Reciprocally, the discount shippers agreed to waive their right
under § 5 of the Act, 15 U.S.C. § 717d, to challenge any of
Columbia’s rates as unjust or unreasonable. Importantly, the
§ 5 waivers covered not only the discounted rates but also
precluded the discount shippers from challenging the rates for
any of Columbia’s services.
FERC initially rejected the agreements, Columbia Gulf
Transmission Corp., 109 F.E.R.C. ¶ 61,152 (2004) (“Initial
Order”), on two grounds. First, it said that § 5 waivers were
not appropriate in discount agreements but could be included
only in negotiated rate agreements. (Columbia customers who
intervened before the Commission argued that the distinction
between discount agreements and negotiated rate agreements
was substantive and not semantic. If they were discount
agreements, the intervenors argued, Columbia could have
sought a “discount adjustment” in its next tariff filing and
thereby possibly recovered the discount’s cost from
Columbia’s other customers. If they were negotiated rate
agreements, this cost-recovery opportunity would have been
unavailable. Our disposition doesn’t require us to sort this
out.) Independently, FERC objected to the scope of the
agreements’ § 5 waivers. FERC noted that it had previously
approved such waivers when they applied only to the
discounted rates and services, not, as in these agreements, to
both discounted and non-discounted rates. In accordance with
4
the Commission’s order, Columbia removed the § 5 waivers
from the agreements, but petitioned for rehearing, attacking
both of the Commission’s reasons.
FERC denied the petition for rehearing, but marshaled
slightly different reasons. Columbia Gulf Transmission
Corp., 111 F.E.R.C. ¶ 61,338 (2005) (“Rehearing Order”).

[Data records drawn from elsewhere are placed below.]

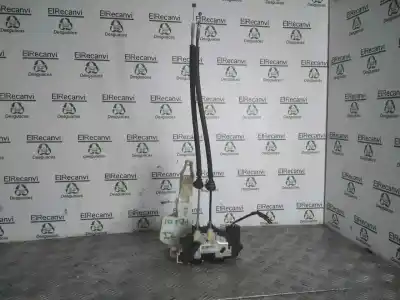 Piesă de schimb auto la mâna a doua ÎNCUIETOARE UȘA FAȚÃ STÂNGA pentru HYUNDAI SONATA (NF)  Referințe OEM IAM A045035  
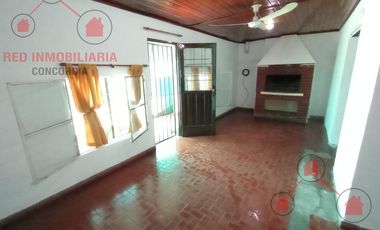 Casa en Concordia
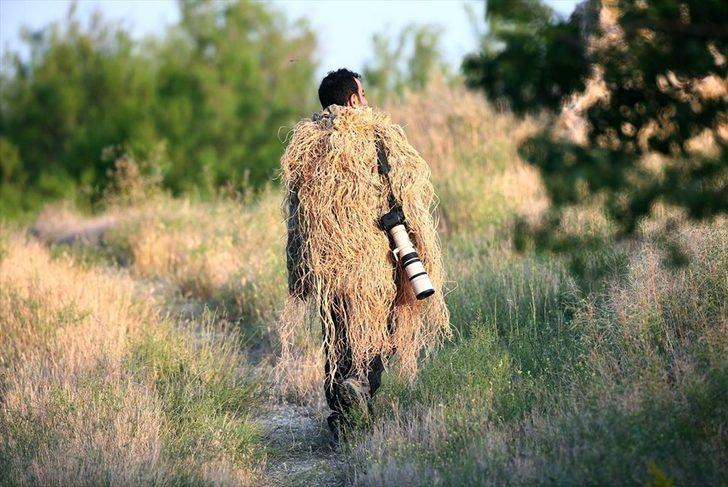 Fotoğraf avcıları Nallıhan’da buluştu  G4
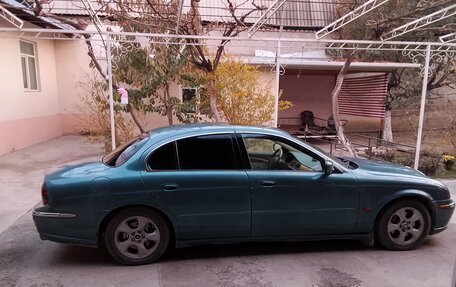 Jaguar S-Type I рестайлинг, 1999 год, 800 000 рублей, 4 фотография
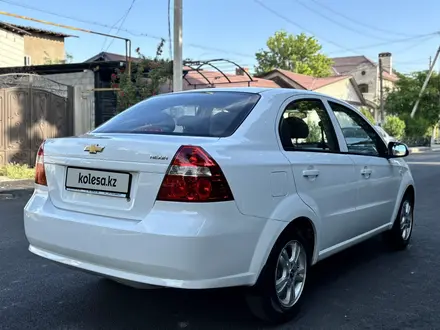Chevrolet Nexia 2022 года за 4 700 000 тг. в Шымкент – фото 7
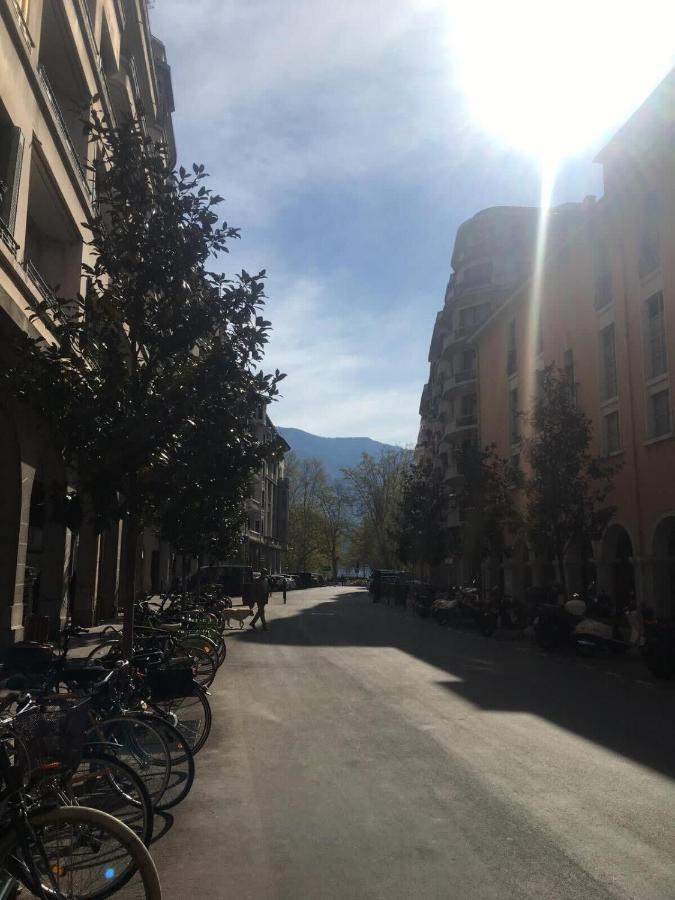 Edelweiss Apartment Annecy Exterior photo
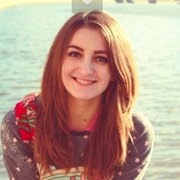 Nastya Spiridonova on My World.
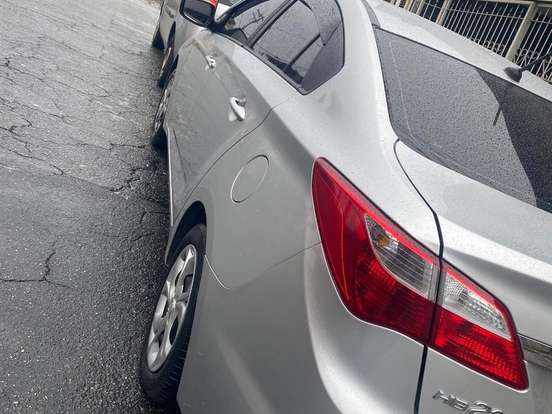 HYUNDAI-HB20S-1.6 COMFORT PLUS 16V FLEX 4P MANUAL HYUNDAI-HB20S-2018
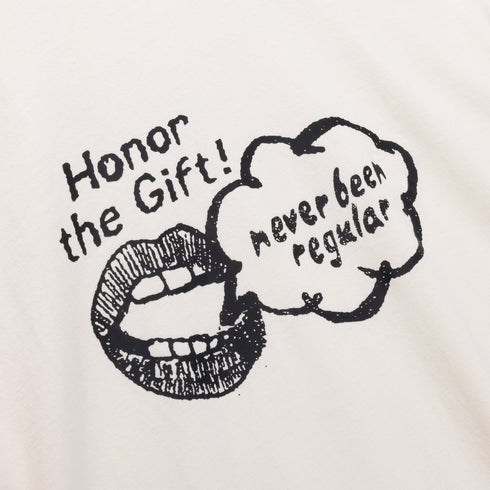 HONOR THE GIFT Spring Never Been Regular Tee Men's Apparel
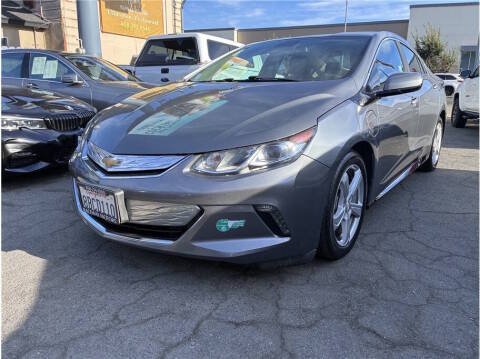 2018 Chevrolet Volt LT FWD photo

The Commission continued to maintain that the discount
shippers’ § 5 waivers were impermissibly broad; it reasoned
that a pipeline should not be permitted “to condition the
offering of a discount for one service for which a shipper may
have competitive alternatives on limiting the shipper’s section
5 rights to challenge the pipeline rates for other services over
which the pipeline does have market power.” Id. at 62,507
P 14. It also argued that Columbia behaved discriminatorily
by offering discounts to (and extracting waivers from) only its
largest customers. This would disadvantage the small fry,
which, according to the Commission, might lack the resources
to bring § 5 challenges on their own but would be denied the
benefit of challenges by the large discount shippers (who
would not be bringing challenges at all). Id. at 62,507 PP 15–
16. Columbia filed a timely petition for review.
* * *
FERC argues that we lack jurisdiction to consider
Columbia’s arguments addressed to Commission justifications
that emerged for the first time in the Rehearing Order.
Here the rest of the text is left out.